Cramer también ve la necesidad de regular los productos de cáñamo que contienen cannabidiol (CBD). “El CBD tiene un efecto farmacológico y narcótico. Nadie necesita cannabidiol para comer de manera saludable ”, dice Cramer. El CBD no es un alimento tradicional y, por lo tanto, debe aprobarse como nuevo alimento o como medicamento.
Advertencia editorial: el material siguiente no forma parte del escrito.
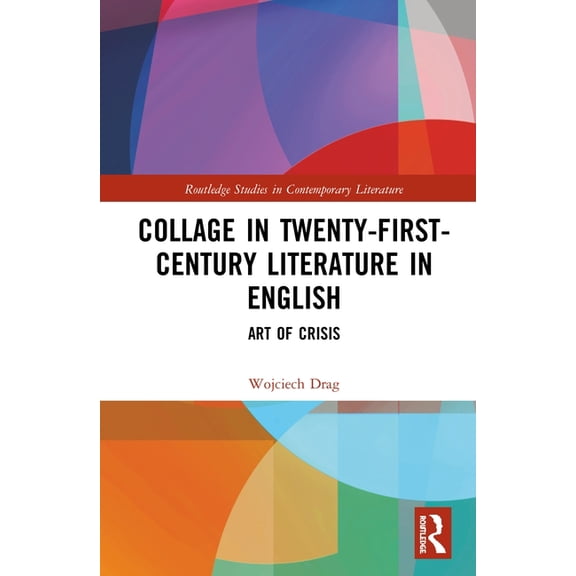 Routledge Studies in Contemporary Litera Collage in Twenty-First-Century Literature in English: Art of Crisis, (Hardcover)
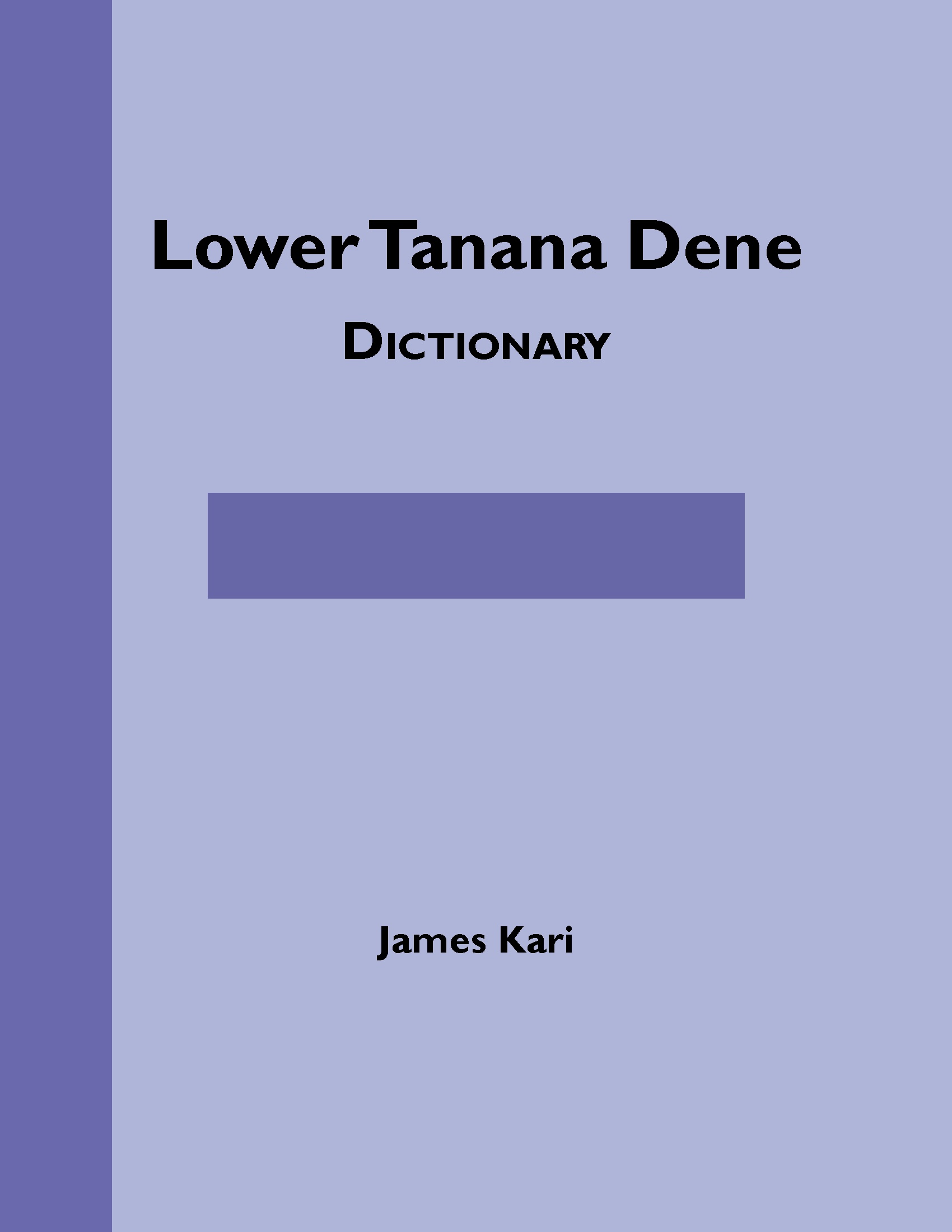 Lower Tanana Dene Dictionary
La falsificación de alimentos es particularmente común con el aceite de oliva. “Los aceites de oliva a veces están hechos de aceite de girasol y clorofila que son engañosamente reales”, informa Cramer. La pasta de avellana a veces también se estira con cacahuetes baratos, que pueden ser muy peligrosos para las personas alérgicas. La mayoría de las falsificaciones no representan un riesgo para la salud.

"Se llevan a cabo principalmente debido al beneficio económico". Básicamente, Cramer describe la comida en Alemania como "en gran medida segura". Sin embargo, siempre puede suceder que entren cuerpos extraños en los alimentos debido a defectos de la máquina o errores humanos en la producción. El fallo de las cadenas de frío puede provocar contaminación microbiológica. "En la Unión Europea, la responsabilidad de la calidad y la seguridad recae en las empresas alimentarias, es decir, todos los que producen, ofrecen o comercializan alimentos".